Provided information>
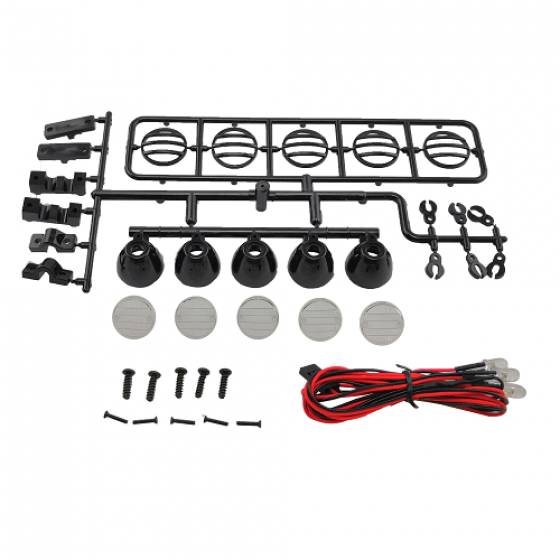 RC LED Light Set - 5 Leads with Plastic Roof Rack for 1/10 RC Crawlers - Black 115.5x15x29mm Lead Dia: 4.85mm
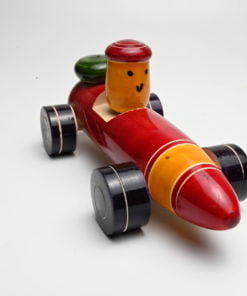 Wooden Racing Car for Kids - Handmade - Wood Toy Car - Wood Plane Shape Toy Car for Kids - Red/yellow/black Kids Toy Car - Pull Push Car Toy for Toddlers - Multicolor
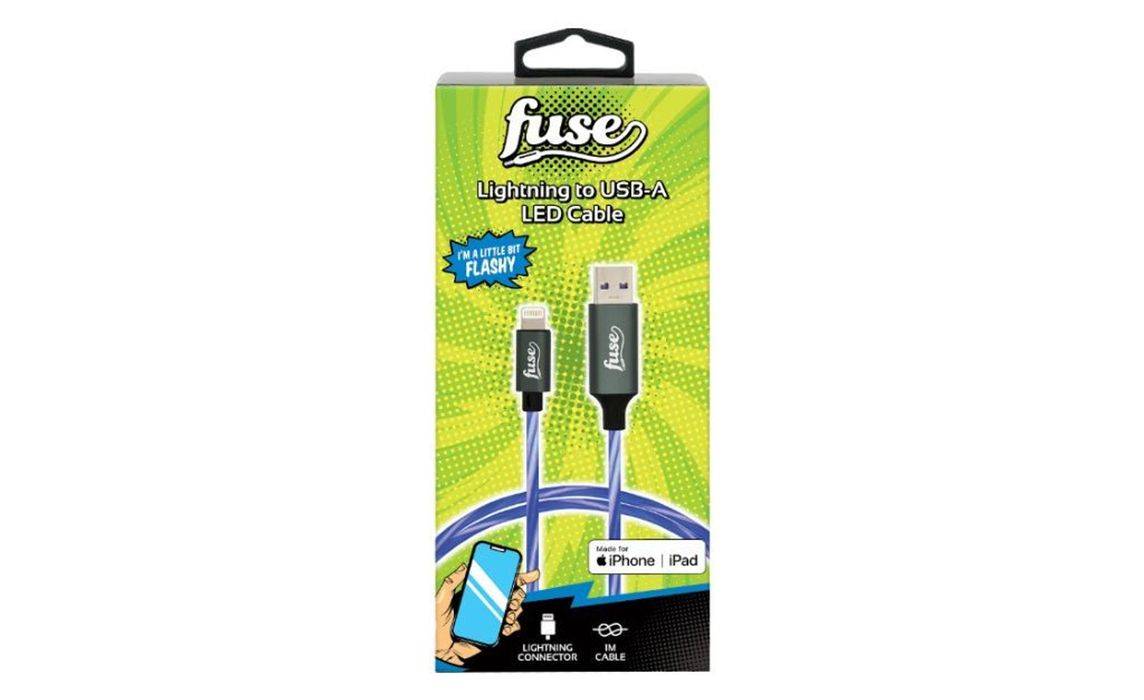 Fuse Lightning Cable to USB-A LED Blue - Suitable for IPhone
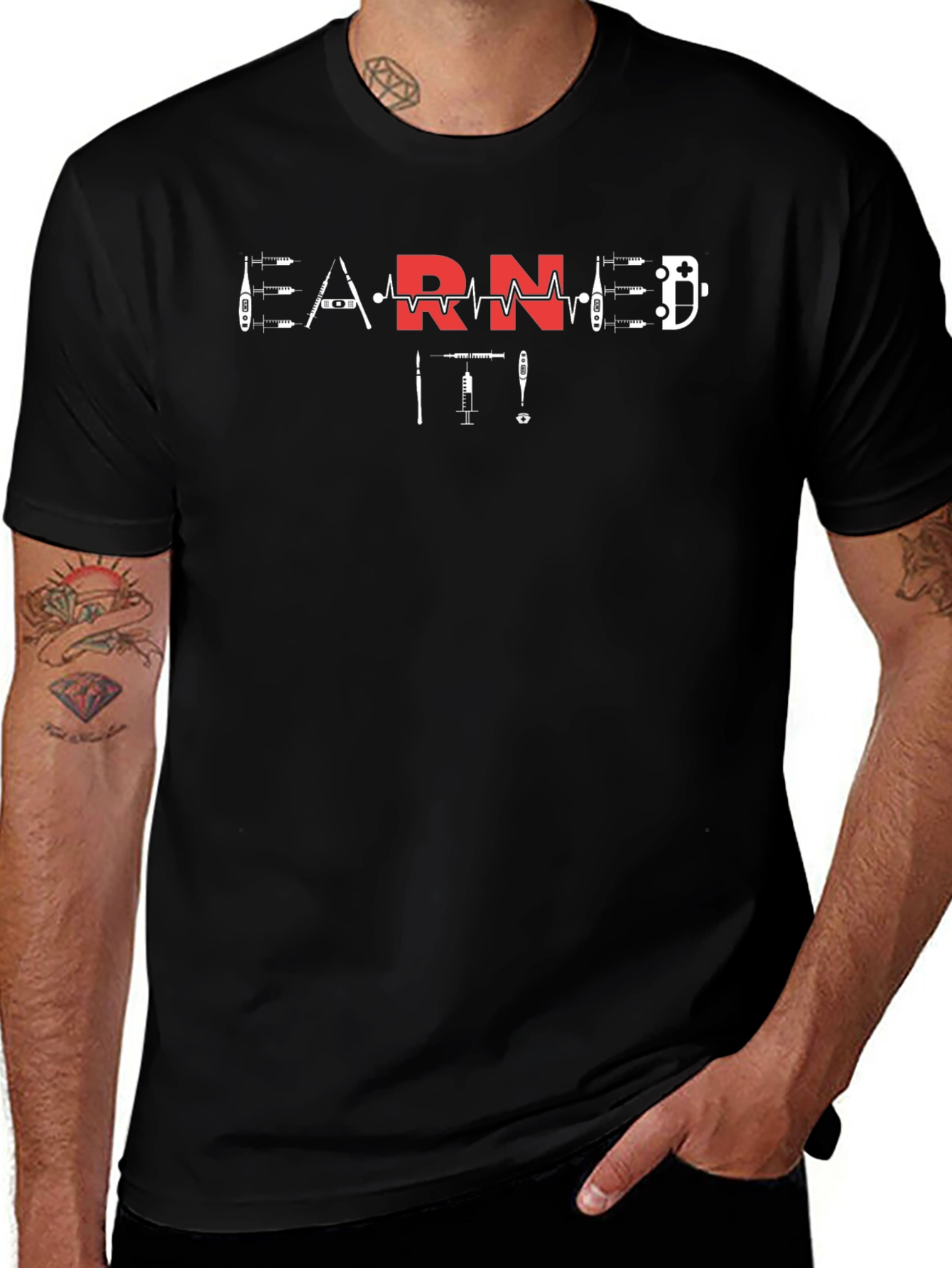 Earned It RN T-Shirt Nurse Life Graphic Tee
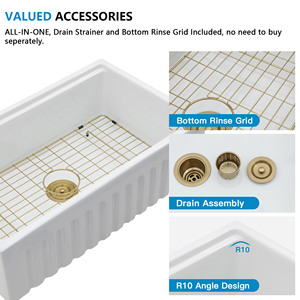 קערה אחת בגודל 33 אינץ 'קערה לבנה אבן חרסינה מטבח כיור מטבח כיור קרמיקה כיור מטבח - Product Image 3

Exercise> Write out the records word for word. Pictures stay out.

Written solution>
 RC LED Light Set - 5 Leads with Plastic Roof Rack for 1/10 RC Crawlers - Black 115.5x15x29mm Lead Dia: 4.85mm
 Wooden Racing Car for Kids - Handmade - Wood Toy Car - Wood Plane Shape Toy Car for Kids - Red/yellow/black Kids Toy Car - Pull Push Car Toy for Toddlers - Multicolor
 Fuse Lightning Cable to USB-A LED Blue - Suitable for IPhone
 Earned It RN T-Shirt Nurse Life Graphic Tee
 קערה אחת בגודל 33 אינץ 'קערה לבנה אבן חרסינה מטבח כיור מטבח כיור קרמיקה כיור מטבח - Product Image 3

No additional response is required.